Age is just a number, and your talent will never fail you. It has no expiry date. — Madhuri Dixit
Age is just a number, and your talent will never fail you. It has no expiry date.
Author: Madhuri Dixit
Insight: There's something deeply reassuring about this, especially in a culture obsessed with "your prime years" and counting down to irrelevance. We're taught that talent is something that peaks early—that if you haven't "made it" by thirty, you probably won't. But the quieter truth is that skill, creativity, and the ability to do something well don't actually have an expiration date printed on them. The catch is that talent without maintenance does rust. A musician who hasn't touched her instrument in five years, a writer who stopped writing, a craftsperson who moved into management—they're not suddenly incapable, but they're not where they left off either.

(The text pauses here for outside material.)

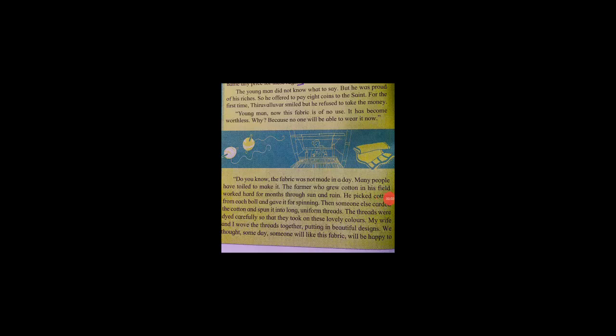Hello students, in the last video we started lesson number 2.2, The Worth of a Fabric. We already completed half the lesson, so now we'll start part number two. In the last video we saw that the fabric was reduced to rags.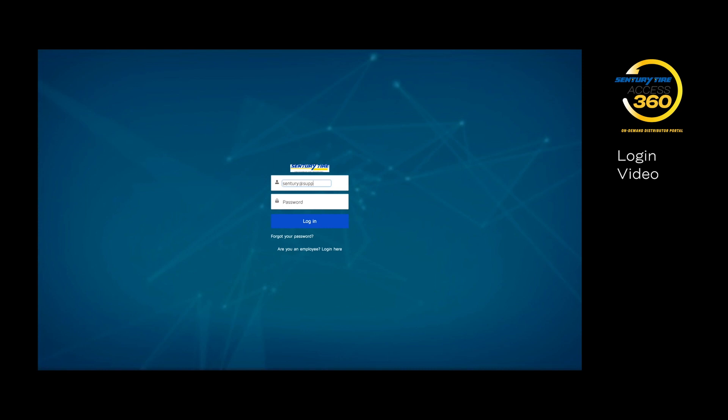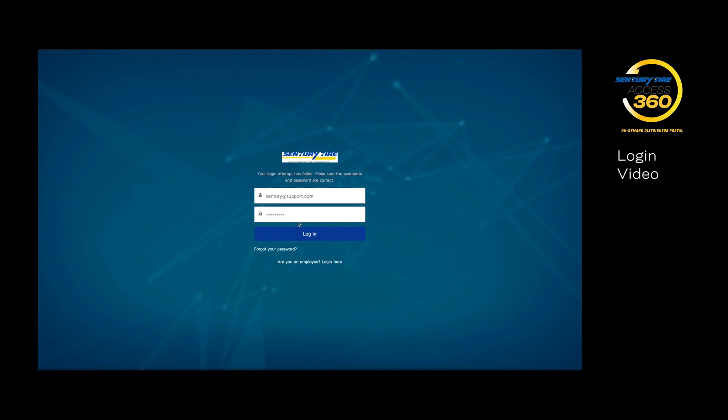Once you have opened the link you were provided, you can enter your login details, which will be your email address and password. Then click on Login.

The real insight here isn't that you can coast on old abilities. It's that the barrier to getting back to your craft later in life is mostly psychological, not biological. The voice, the instinct, the muscle memory—they're recoverable. What makes this genuinely radical is how it flips the pressure. When you stop treating your talent as a perishable asset you're racing against time to monetize, you can actually relax into it. You can take a detour, raise a family, try something else, and come back without the panic that you've "wasted" your window. Sometimes the detours are what make the work richer anyway.